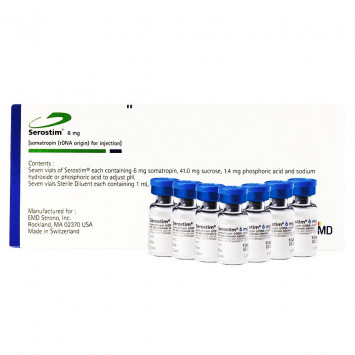 Serostim HGH - Growth Hormone 126IU - MerckSerono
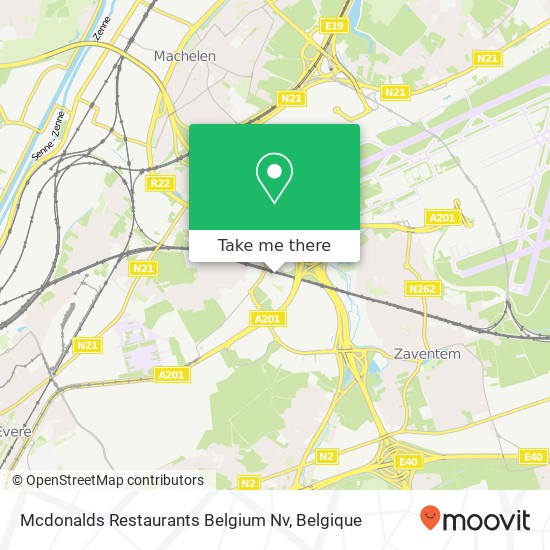 Mcdonalds Restaurants Belgium Nv kaart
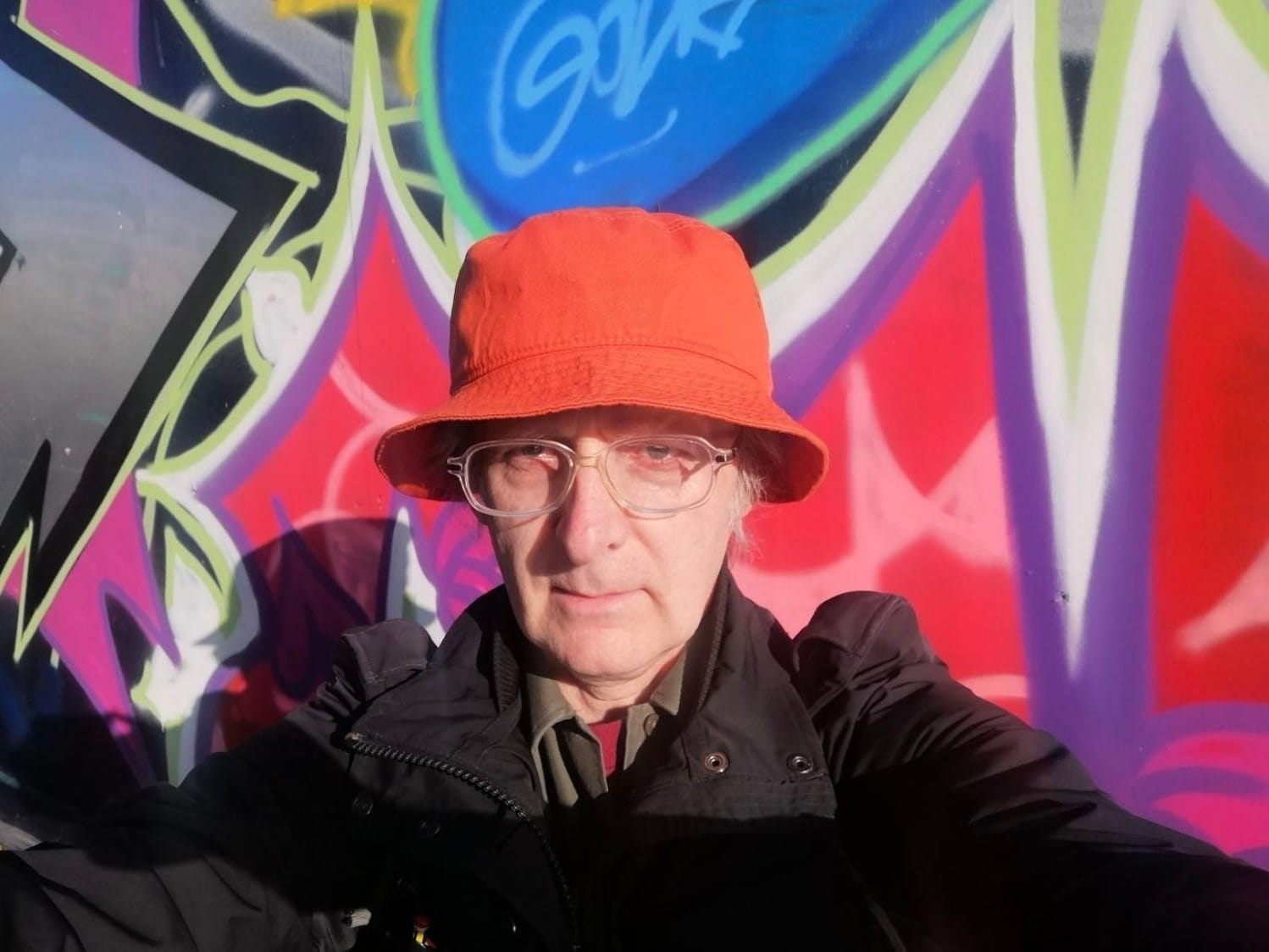 Paul McMichael selfie in his studio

▸ Task description
Give every line of the data above again as it stands; the pictures stay out.

▸ Exercise output
 Serostim HGH - Growth Hormone 126IU - MerckSerono
 Mcdonalds Restaurants Belgium Nv kaart
 Paul McMichael selfie in his studio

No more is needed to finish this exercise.